The Candidates' Idiotic Debate Over War On Terror

Is the war on terror winnable using traditional law-enforcement tools, or does it require manlier military means?
This post was published on the now-closed HuffPost Contributor platform. Contributors control their own work and posted freely to our site. If you need to flag this entry as abusive, send us an email.

If terrorist groups like Hamas and Hezbollah are for Obama, as Republicans like to allege, but a new terrorist attack on American soil would tip the scales toward McCain, as his advisor Charles Black maintains, then logically there will be no terrorist attack against U.S. targets before the November election. Why would terrorists do anything to harm Obama's candidacy and help McCain's?

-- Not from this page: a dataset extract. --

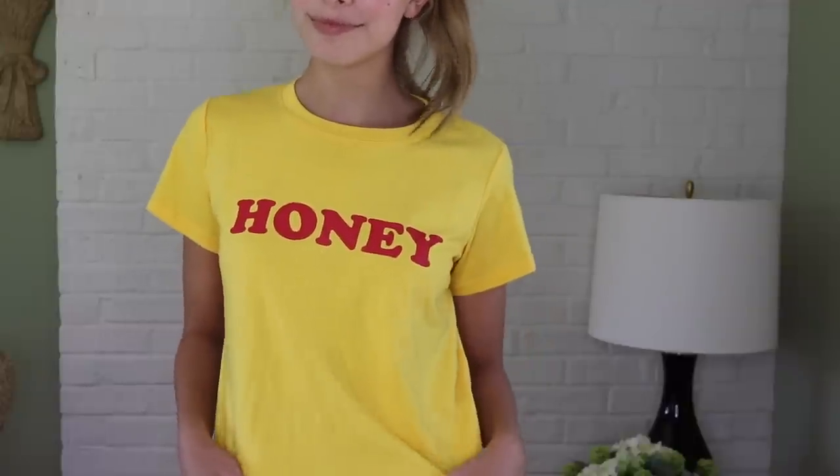The next thing I got from Zoffel is this cute little honey t-shirt. The honey trend is definitely very prominent right now, so I thought it would be super cute to get one. You can wear it on a boat, going to the beach, pretty much anywhere — it's just super cute and casual.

Ridiculous logic? Maybe. But frankly, this whole discussion of which candidate would be tougher on terrorists is an exercise for shedding IQ points. After all, how does one quantify toughness on terrorists, much less measure abstract feelings of safeness from foreign threats?

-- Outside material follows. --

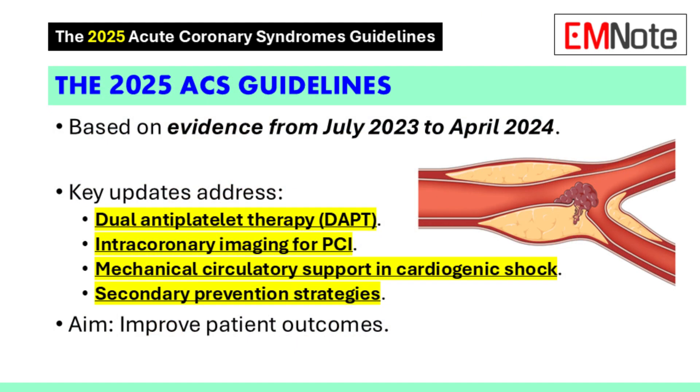Hello, everyone, and welcome. We're going to be looking at the 2025 acute coronary syndromes guidelines. So let's jump right in.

The issue comes down to: Is the war on terror winnable using traditional law-enforcement tools, or does it require manlier military means? Presumably this is not a debate over whether to fight al-Qaeda with either Tasers or tanks but rather: Can our courts and criminal justice system handle high-value detainees (i.e. the perpetrators of the first World Trade Center bombings), or should these unsavory folks be shipped to Guantanamo Bay or perhaps tortured in a CIA-run prison somewhere in Transylvania?

Republicans say: Well, there has been no terrorist attack on U.S. soil since 9/11 so we must be doing something right, so there. Things like DHS's color-coded threat level might not make sense but they work. Might we add that Democrats propose weakening the war on terror and well, that makes us look like sissies abroad (Right-wingers' favorite date in history to lob at their opponents and stoke fear in the American heartland -- September 10, 2001)?

Democrats answer: Yes, but our tough-guy tactics have only produced more terrorists, angered Muslims, damaged our reputation abroad, and distracted ourselves from the real war against Bin Laden along the Afghan-Pakistani border. To that end, Obama proposes to invade this region to pursue terrorists -- something McCain's camp would never consider as it might wreck U.S.-Pakistani relations (which, let's be honest, are not that good to begin with).

So if Obama is willing to take the fight to the enemy, yet another attack against American soil would favor McCain, and Islamic jihadists, were they somehow granted suffrage tomorrow, would start wearing Obama stickers that read: "Yes, We Can", and yet both candidates are against torture -- where does that leave us? Confused, yes, but safer? That's anybody's guess.